When Dana Raphael revived the word doula in the 1970s, she didn’t create the role — she rebranded an ancient, cross-cultural practice that had survived despite oppression.
4. Reclaiming the role, questioning the word
Modern Black and Indigenous birth workers have revived this legacy by:
Restoring traditional language — using titles like birth keeper, community midwife, village auntie, or sacred birth worker.
Reclaiming ancestral wisdom that predates Western medicalization.
Challenging the class and racial divide in modern doula training, which too often centers white, middle-class models of care.
Their focus is not just on comfort during labor — but on birth justice, healing generational trauma, and rebuilding community trust around childbirth.
Reclaiming the Doula: From Servitude to Sacred Service
The word doula comes from ancient Greece, where it meant “female slave” or “woman who serves.” That origin cannot be ignored. The word itself was born in a world where women’s labor — physical, emotional, and spiritual — was owned and controlled. But the role of the doula, the act of serving another woman through childbirth, is far older, far deeper, and far holier than any system of bondage.

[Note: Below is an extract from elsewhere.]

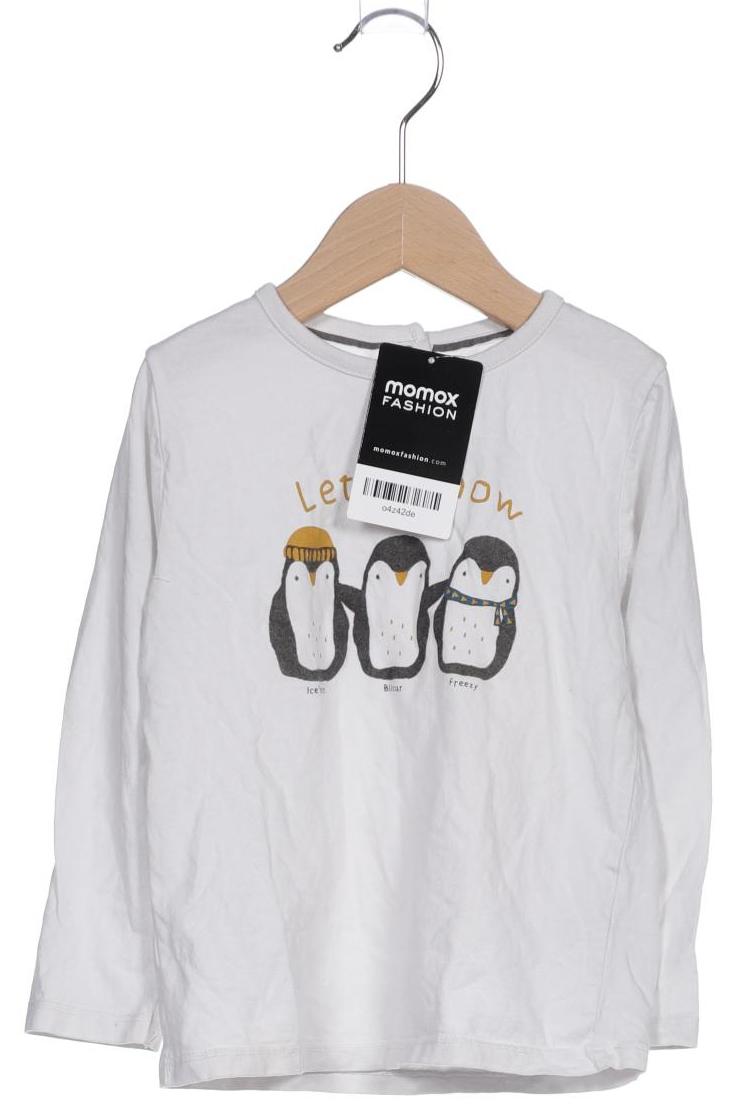 

Kiabi Mädchen Langarmshirt, weiß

Before the Greeks gave it a name, African and Indigenous women had already been serving as birthkeepers, midwives, and community mothers. They carried ancestral wisdom — herbs, songs, prayer, and healing — passed down through generations. In their hands, birth was not just a biological act; it was a sacred ceremony, a joining of mother, child, spirit, and community.
During enslavement, that sacred duty continued in defiance of cruelty. Black women on plantations became midwives and healers, delivering babies of both the enslaved and the enslavers. They preserved knowledge that white medicine could not replicate — knowledge born of love, experience, and ancestral power. Their work was never servitude in spirit; it was resistance, survival, and care made holy.
By the 20th century, medical institutions stripped away that power. Laws and licensing pushed traditional midwives aside. Birth moved from home to hospital, from women’s hands to sterile rooms. When the word doula resurfaced in the 1970s, it reintroduced the idea of woman-centered care — but it often ignored the roots and the resilience of those who had lived this role for centuries.
Today, Black and Indigenous birth workers are reclaiming both the role and the narrative. Some reject the term doula altogether, choosing names that honor their lineage: birthkeeper, community midwife, village auntie, sacred birth worker. Others keep the word but redefine it — stripping it of its slave past and filling it with strength, dignity, and spiritual service.
To serve in this tradition is not to be owned or silenced. It is to stand in a long line of women who have guarded life itself — through oppression, through erasure, through every generation.